João Roberto Ripper esteve em Eldorado dos Carajás, em 1996, para fotografar o velório dos 19 trabalhadores sem-terra assassinados pela polícia. Percorreu o interior da Argentina perseguindo os rastros deixados pela Doença de Chagas — manchas de besouros nas paredes, médicos voluntários identificando doentes pelas ruas. Mergulhou nos meandros do trabalho escravo que persiste Brasil afora. Testemunhou índios serem expulsos de suas terras, e populações vazanteiras sofrerem com as águas do Rio São Francisco sendo desviadas para as monoculturas. O que Ripper documenta, porém, é a ternura. Pois, enquanto denuncia violências e desigualdades, seu trabalho também flagra o pulsar do afeto cotidiano.

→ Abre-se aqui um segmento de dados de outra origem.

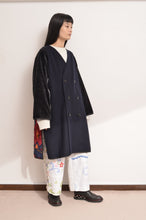 画像をギャラリービューアに読み込む, QUILTING C/D_NAV/01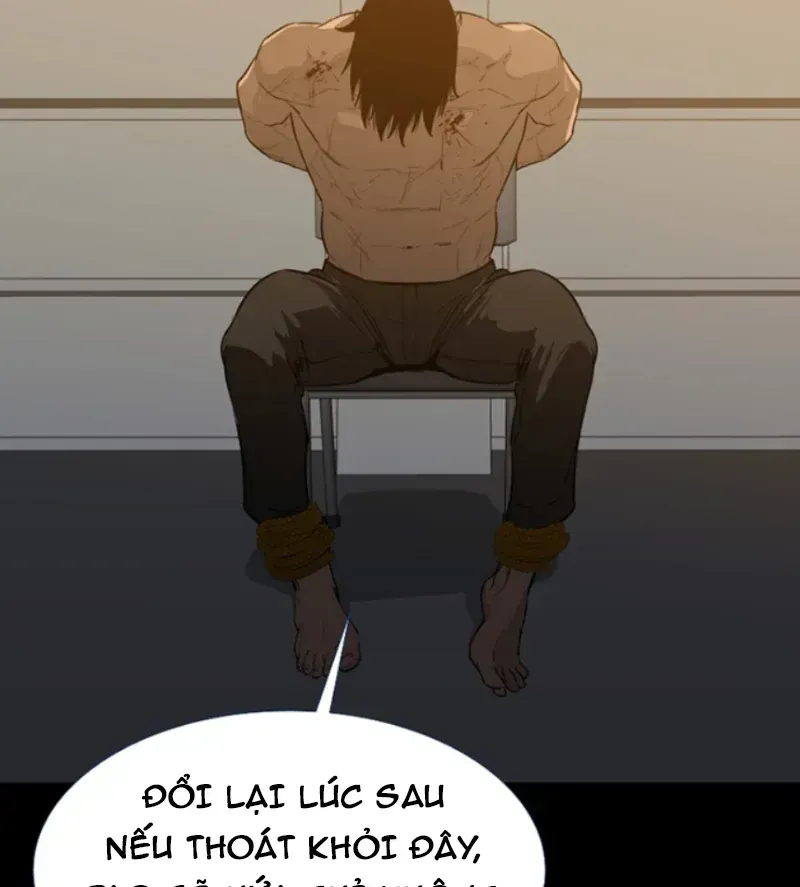Trang 59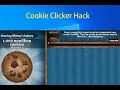 How to play cookie clicker and get dev tool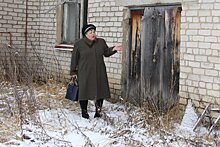 Почему жители рязанского поселка 17 лет не могут въехать в свое жилье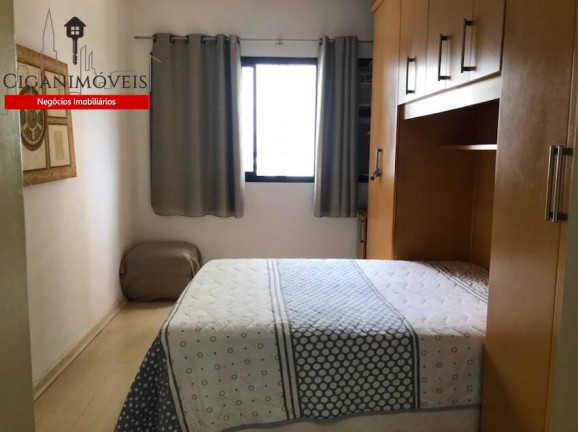 Imagem Apartamento com 2 Quartos à Venda, 69 m² em Barra Da Tijuca - Rio De Janeiro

“A vida e o afeto sempre dão um jeito de persistir. Isso é o que de mais importante aprendi com meu trabalho”, afirmou, durante a Roda de Conversa Fotografia e Direitos Humanos, que ocorreu nesta quinta (16/5), no Instituto de Comunicação e Informação em Saúde da Fiocruz (Icict/Fiocruz).
Foto de João Roberto Ripper (Divulgação)
O beijo entre um homem e uma mulher, trabalhadores rurais. Os corpos enlaçados de uma família quilombola, brincando sobre a cama. Um pequeno indígena prestes a saltar do alto de uma árvore. O olhar cúmplice e terno de um menino, buscando o da sua cuidadora, num hospital para pessoas com leishmaniose. É com imagens assim, que flagram o lirismo em cenários marcados pela pobreza e pelas iniquidades sociais, que Ripper construiu um dos acervos fotográficos mais representativos sobre o Brasil contemporâneo, resultado de quase 50 anos de trabalho. “Normalmente, não se vê o pobre amando. A publicidade mantém em foco a classe média. Mas o afeto está em todos os lugares onde há gente”, destacou, acrescentando que, para flagrar esse afeto, é preciso tempo: “Sempre negocio com meus contratantes para que eu tenha pelo menos o dobro do tempo que sugerem a princípio. É o tempo que estabelece a cumplicidade.”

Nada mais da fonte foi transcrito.